Ancient Greek society, often described as the cradle of democracy, was built on slaves. They did not count as people and were excluded from democratic processes.
When I was born, 100 years ago, over half Britain’s adult population was denied a vote, just for being female.
Could any young person today imagine the struggle women in Britain faced to win the right to vote and the obstacles and social disapproval they overcame?
This week marks the 100th anniversary of women’s first mass demonstration in favour of voting, the 3,000-strong ‘Mud March’ and no, at 11-months-old, I didn’t march.
An American university has asked me to write in future columns about some of the remarkable women who have inspired me.
I remember, as a schoolgirl, going to a ‘Votes-For-Women’ rally in Trafalgar Square and kissing the hand of Mrs Despard, a leading campaigner. Later I met Sylvia Pankhurst, one of the best known suffragettes.
Even when Parliament first granted women votes in 1918, women’s minimum voting age was 30, men’s only 21!
Universal adult suffrage first came into effect in 1929 with a voting age of 21, reduced to 18 in 1969.
Women’s battle and victory, winning votes for all adults, not only contributed to the effective functioning of democracy in Britain, it reinvigorated the whole political and social process and created trust in the system. However, when more than half the people now choose not to vote, we cannot call our system a ‘democracy’.
Democracy means ‘rule by the people’ not by a fraction of less than half the people.
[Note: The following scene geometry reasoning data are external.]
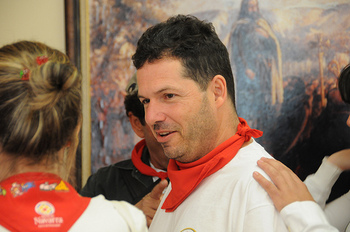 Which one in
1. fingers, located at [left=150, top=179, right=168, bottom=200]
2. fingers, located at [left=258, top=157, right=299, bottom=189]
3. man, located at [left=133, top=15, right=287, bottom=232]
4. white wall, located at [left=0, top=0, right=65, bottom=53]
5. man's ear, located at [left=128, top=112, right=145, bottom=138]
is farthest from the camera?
white wall, located at [left=0, top=0, right=65, bottom=53]

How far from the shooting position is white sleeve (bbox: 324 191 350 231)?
6.08 ft

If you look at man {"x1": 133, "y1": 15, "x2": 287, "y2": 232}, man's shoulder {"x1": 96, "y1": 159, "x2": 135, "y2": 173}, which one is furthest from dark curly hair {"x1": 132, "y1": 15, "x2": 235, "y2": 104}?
man's shoulder {"x1": 96, "y1": 159, "x2": 135, "y2": 173}

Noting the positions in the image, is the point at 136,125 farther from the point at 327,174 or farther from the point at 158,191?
the point at 327,174

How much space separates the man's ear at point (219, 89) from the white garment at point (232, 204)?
204mm

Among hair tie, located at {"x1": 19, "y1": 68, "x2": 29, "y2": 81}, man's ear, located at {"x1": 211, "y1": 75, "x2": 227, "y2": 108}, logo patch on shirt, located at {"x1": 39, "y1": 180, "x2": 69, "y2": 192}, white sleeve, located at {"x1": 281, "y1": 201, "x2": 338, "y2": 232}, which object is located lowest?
white sleeve, located at {"x1": 281, "y1": 201, "x2": 338, "y2": 232}

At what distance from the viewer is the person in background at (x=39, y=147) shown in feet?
2.91

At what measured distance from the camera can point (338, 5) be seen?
6.98 feet

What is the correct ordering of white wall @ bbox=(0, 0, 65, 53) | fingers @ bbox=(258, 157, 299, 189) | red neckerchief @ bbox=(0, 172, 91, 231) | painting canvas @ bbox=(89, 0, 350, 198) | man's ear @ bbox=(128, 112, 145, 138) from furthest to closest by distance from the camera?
white wall @ bbox=(0, 0, 65, 53) < man's ear @ bbox=(128, 112, 145, 138) < painting canvas @ bbox=(89, 0, 350, 198) < fingers @ bbox=(258, 157, 299, 189) < red neckerchief @ bbox=(0, 172, 91, 231)

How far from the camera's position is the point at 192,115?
1443mm

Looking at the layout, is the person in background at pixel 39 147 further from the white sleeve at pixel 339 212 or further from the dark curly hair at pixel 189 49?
the white sleeve at pixel 339 212

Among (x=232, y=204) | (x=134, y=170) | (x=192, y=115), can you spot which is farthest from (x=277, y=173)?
(x=134, y=170)

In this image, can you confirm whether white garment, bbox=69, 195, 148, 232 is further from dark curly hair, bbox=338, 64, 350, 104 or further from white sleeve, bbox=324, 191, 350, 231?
dark curly hair, bbox=338, 64, 350, 104

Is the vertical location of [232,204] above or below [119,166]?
above

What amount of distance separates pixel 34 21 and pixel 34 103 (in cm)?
178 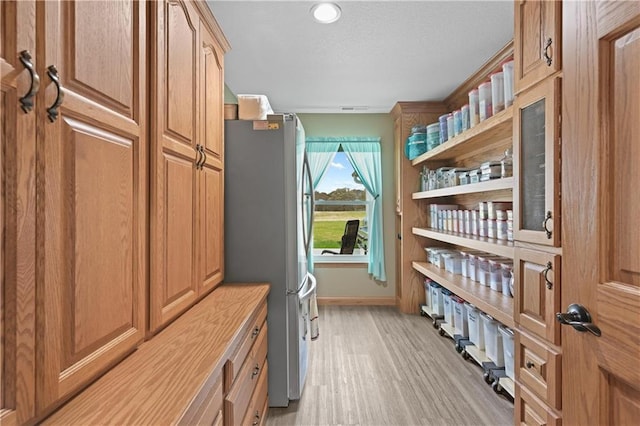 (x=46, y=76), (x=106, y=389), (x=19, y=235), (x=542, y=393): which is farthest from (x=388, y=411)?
(x=46, y=76)

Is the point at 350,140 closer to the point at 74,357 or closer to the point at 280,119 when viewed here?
the point at 280,119

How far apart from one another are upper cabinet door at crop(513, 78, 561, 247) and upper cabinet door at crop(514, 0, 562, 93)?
0.18 ft

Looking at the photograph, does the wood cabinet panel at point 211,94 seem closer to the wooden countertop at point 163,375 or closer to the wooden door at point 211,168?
the wooden door at point 211,168

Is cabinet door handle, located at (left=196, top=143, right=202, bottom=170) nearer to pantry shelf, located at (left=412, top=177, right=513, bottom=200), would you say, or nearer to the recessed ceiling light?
the recessed ceiling light

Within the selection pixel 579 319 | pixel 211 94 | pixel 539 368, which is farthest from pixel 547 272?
pixel 211 94

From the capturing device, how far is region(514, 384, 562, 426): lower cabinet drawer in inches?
55.2

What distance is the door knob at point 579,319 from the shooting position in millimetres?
880

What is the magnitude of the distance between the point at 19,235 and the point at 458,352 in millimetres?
3249

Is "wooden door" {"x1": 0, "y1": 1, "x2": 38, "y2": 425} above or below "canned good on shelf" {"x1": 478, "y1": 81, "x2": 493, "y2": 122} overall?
below

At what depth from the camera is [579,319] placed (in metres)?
0.93

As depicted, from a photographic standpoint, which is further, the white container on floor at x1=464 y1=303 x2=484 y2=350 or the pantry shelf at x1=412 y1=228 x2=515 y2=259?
the white container on floor at x1=464 y1=303 x2=484 y2=350

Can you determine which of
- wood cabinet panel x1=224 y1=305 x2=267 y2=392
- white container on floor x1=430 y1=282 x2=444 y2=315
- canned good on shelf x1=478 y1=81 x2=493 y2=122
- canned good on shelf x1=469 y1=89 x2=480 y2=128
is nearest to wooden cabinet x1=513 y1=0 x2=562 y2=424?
canned good on shelf x1=478 y1=81 x2=493 y2=122

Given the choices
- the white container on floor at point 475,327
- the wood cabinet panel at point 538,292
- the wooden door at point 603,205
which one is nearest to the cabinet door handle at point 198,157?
the wooden door at point 603,205

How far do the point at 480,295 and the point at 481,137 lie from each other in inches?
49.1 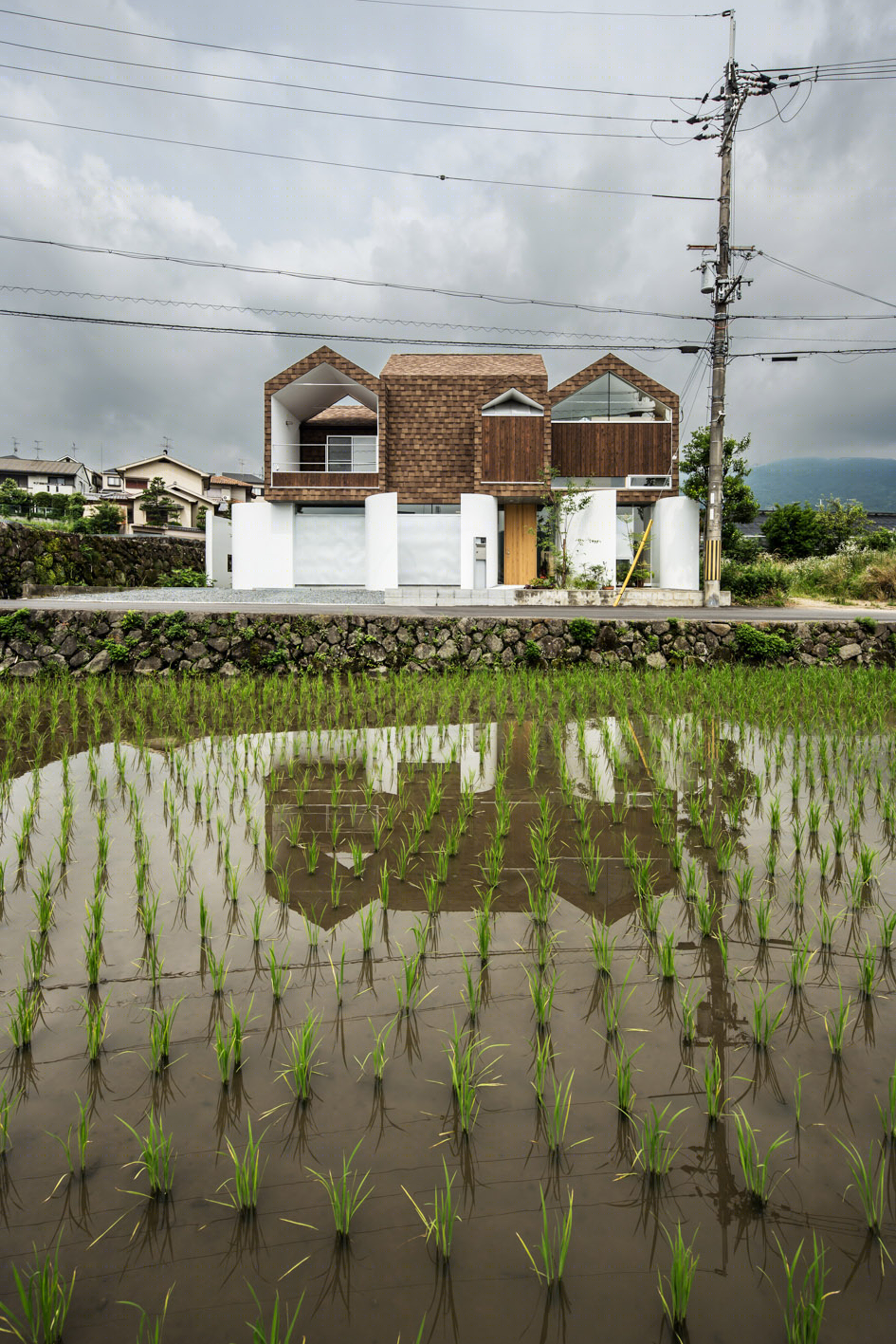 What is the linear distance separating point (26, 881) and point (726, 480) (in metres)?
26.5

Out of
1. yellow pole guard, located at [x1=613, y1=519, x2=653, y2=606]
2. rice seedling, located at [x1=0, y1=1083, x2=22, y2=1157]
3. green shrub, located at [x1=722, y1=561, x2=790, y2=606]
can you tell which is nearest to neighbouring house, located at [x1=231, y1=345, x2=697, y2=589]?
yellow pole guard, located at [x1=613, y1=519, x2=653, y2=606]

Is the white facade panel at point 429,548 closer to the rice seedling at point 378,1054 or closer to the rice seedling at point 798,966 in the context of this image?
the rice seedling at point 798,966

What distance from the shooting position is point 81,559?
22547 millimetres

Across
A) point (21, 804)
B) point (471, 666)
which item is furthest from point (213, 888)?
point (471, 666)

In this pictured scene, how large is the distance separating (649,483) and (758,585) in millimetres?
4474

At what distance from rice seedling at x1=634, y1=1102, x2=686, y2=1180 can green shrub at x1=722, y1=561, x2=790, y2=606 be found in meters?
20.5

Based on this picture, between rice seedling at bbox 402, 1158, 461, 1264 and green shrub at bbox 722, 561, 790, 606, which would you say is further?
green shrub at bbox 722, 561, 790, 606

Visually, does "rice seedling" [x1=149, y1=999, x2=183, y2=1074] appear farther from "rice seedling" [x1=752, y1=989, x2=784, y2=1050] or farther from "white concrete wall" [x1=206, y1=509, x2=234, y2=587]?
"white concrete wall" [x1=206, y1=509, x2=234, y2=587]

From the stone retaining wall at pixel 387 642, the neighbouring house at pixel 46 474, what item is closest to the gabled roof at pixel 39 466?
the neighbouring house at pixel 46 474

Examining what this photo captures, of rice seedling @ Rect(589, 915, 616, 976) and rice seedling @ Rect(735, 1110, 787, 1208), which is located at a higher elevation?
rice seedling @ Rect(589, 915, 616, 976)

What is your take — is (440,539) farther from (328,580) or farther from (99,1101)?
(99,1101)

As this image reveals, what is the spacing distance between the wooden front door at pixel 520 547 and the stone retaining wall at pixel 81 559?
39.9ft

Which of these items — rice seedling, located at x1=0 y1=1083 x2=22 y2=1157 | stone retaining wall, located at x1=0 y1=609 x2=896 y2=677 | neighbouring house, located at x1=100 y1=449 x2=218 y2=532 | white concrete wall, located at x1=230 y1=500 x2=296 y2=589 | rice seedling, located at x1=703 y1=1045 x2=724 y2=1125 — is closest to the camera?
rice seedling, located at x1=0 y1=1083 x2=22 y2=1157

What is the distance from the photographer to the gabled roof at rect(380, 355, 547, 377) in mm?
22594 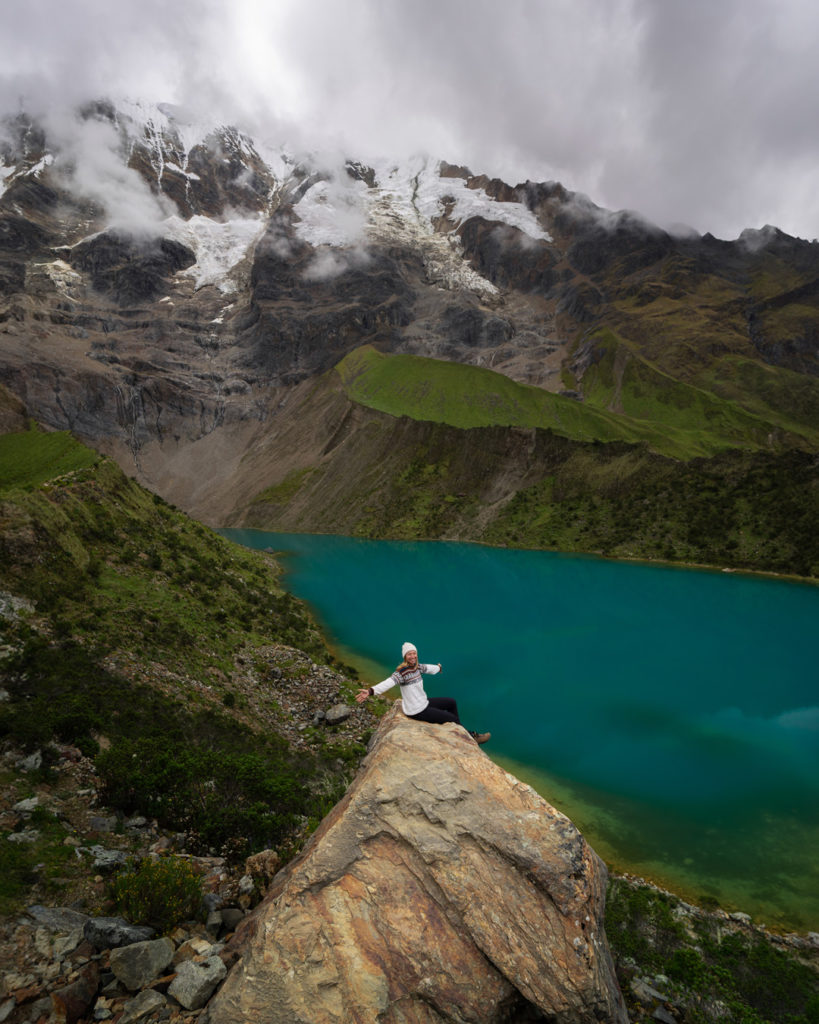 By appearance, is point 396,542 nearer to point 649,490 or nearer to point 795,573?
point 649,490

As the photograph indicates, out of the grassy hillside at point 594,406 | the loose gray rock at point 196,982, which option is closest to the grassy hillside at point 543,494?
the grassy hillside at point 594,406

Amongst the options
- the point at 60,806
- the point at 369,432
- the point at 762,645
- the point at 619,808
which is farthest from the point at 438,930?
the point at 369,432

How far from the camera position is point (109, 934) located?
23.3ft

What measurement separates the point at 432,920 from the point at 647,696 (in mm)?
29913

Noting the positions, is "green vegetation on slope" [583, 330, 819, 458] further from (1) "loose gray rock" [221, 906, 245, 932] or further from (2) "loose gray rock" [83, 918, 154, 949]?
(2) "loose gray rock" [83, 918, 154, 949]

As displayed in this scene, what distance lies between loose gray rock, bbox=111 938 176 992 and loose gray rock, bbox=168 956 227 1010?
38cm

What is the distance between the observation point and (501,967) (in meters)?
6.20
Mass abstention by potential voters in Britain is a 21st century phenomenon.
It seems to be following the trend of disenchantment, disillusion and disgust that has characterised US politics for decades, often because of scandals, corruption and a feeling of lack of real choice between parties and candidates.
So what has gone wrong? Have we lost our democracy, that acceptance by the population of governments elected by a majority of voters? If so, can we develop new ways of achieving rule by the people?
Writing about special education, I realised many, possibly most, readers were born after the 1964 abolition of the London County Council. Even the Greater London Council, eliminated 21 years ago, would be totally unknown to younger readers.
The LCC, set up in a wave of late 19th government reforms, gave one of the world’s biggest cities the beginnings of democratically accountable, metropolitan government. Largely free of scandals and corruption, it boosted people’s trust in democracy and became a model for metropolitan government worldwide.
With functions and powers covering many important areas of local government, it guaranteed co-ordination and actively promoted a policy now impossible, ‘equalisation’.
Resources from richer areas could be integrated London-wide to help improve conditions for the more disadvantaged. Now they can’t.
Politics used not to be a career with an income, attendant researchers, and spinners. So many current politicians have never had another job working for a living or done military or community service.
They go straight from designer degree to profitable, political party post. Now political minions dare not vote against their leaders for fear of losing their livelihood.
Much local government today consists of councillors deciding where to make local spending cuts whenever central government limits council funding.
The resulting voter disillusionment and cynicism deprive us of effective democracy.
Wherever we look, in opposition to selfishness, greed and cynicism, people long to make friends and form communities.
With families split up and living far apart, friends and neighbours come together. Modern communications revolutionise the art and practice of friendship. Real pen friends are now rare. The internet replaces physical contact with virtual friendships and communities.
We need to recreate democracy from the bottom up, from small groups of friends doing things for their own communities and others. How can we achieve this?
When the Labour Party was founded, some alternatives to voting were considered, including drawing lots or choosing people from different organisations to serve for two years. Should we now give other systems a try?
To overcome apathy, counteract New Labour’s top-down approach and create real democracy we need new ways of working together to make people’s views felt.
Could the Book of Grievances which the Camden New Journal is sponsoring be a step in recreating that bottom-up democracy?
If grievances satisfied lead to real belief in the possibility of positive change, maybe it could.
If not, I fear that, at 100, I may have outlived democracy.